RTSIFAW
People gather around flowers and burning candles to pay tribute to victims of the truck attack along the Promenade des Anglais on Bastille Day in Nice, France, Sunday. Reuters

The man who killed more than 80 people in Nice, France, on Bastille Day last week was "unbalanced and very violent," but it's still unclear whether he was supporting the Islamic State group, according to one French official. Interior minister Bernard Cazeneuve told RTL that authorities hadn't found any definitive links between ISIS and Mohamed Lahouaiej Bouhlel, the 31-year-old Tunisian behind the attack.

"What we want to know now is what were the links between the man who was behind this dreadful attack and the terrorist networks," CNN reported Cazeneuve said. "Those links, for the moment, have yet to be established by the investigation. So we must still be prudent with what we say on that subject."

Bouhlel's connections and motives have been under scrutiny since Thursday, when he drove a truck into a crowd of people watching fireworks, murdering 84 and wounding 202 people, many of them children, CBS News reported. He died after a confrontation with police.

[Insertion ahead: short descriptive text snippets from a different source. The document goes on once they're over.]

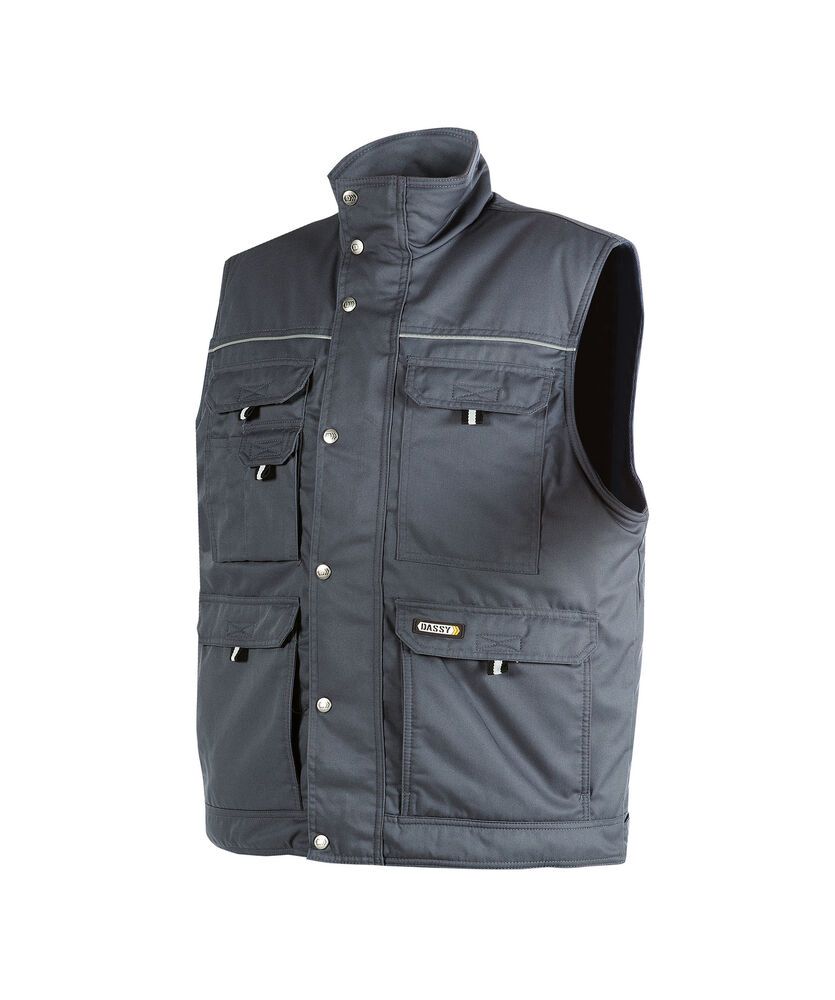 DASSY Mons Bodywarmer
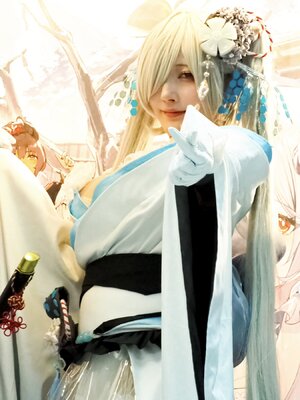 しょこら cosplay cinderella_025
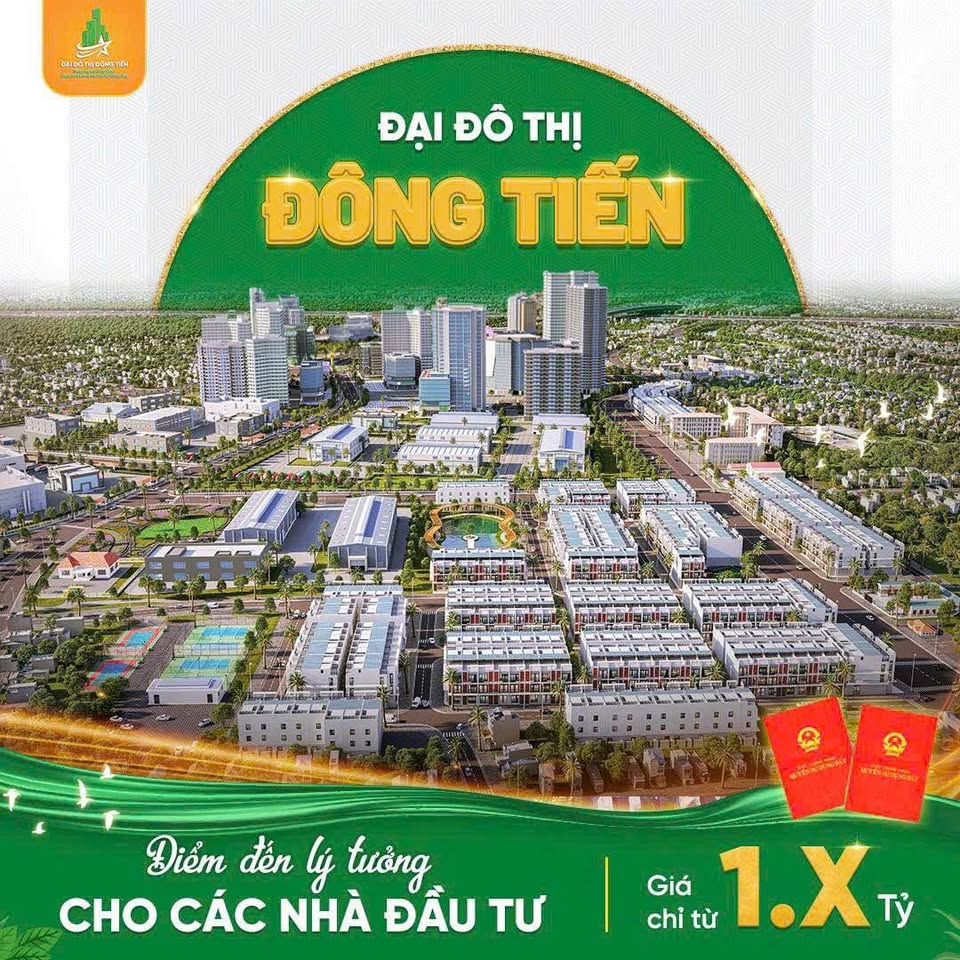 Siêu phẩm đất nền độc nhất vô nhị tại Cụm Công Nghiệp Hà Nội, chỉ còn duy nhất một lô áp ve đang chờ chủ nhân may mắn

ISIS — which had previously told its followers to run people over with cars — took responsibility for the attack in a statement released Saturday to Amaq. The extremist group called Bouhlel "one of the soldiers of Islamic State," according to Reuters. "He carried out the operation in response to calls to target nationals of states that are part of the coalition fighting Islamic State," ISIS wrote.

But some experts have been raising doubts about whether the attacker was truly affiliated with the fighters. The Local reported Cazeneuve would say only that Bouhlel experienced radicalization. Unnamed officials in French law enforcement told BuzzFeed News the suspect was not religious and hadn't been communicating with ISIS before the massacre.

Attacks like the one in Nice don't necessarily fit the mold of typical terror attacks, counterterrorism expert Daniel Benjamin told the New York Times. But he noted that "the Islamic State and jihadism has become a kind of refuge for some unstable people who are at the end of their rope and decide they can redeem their screwed-up lives" by linking it to a mission.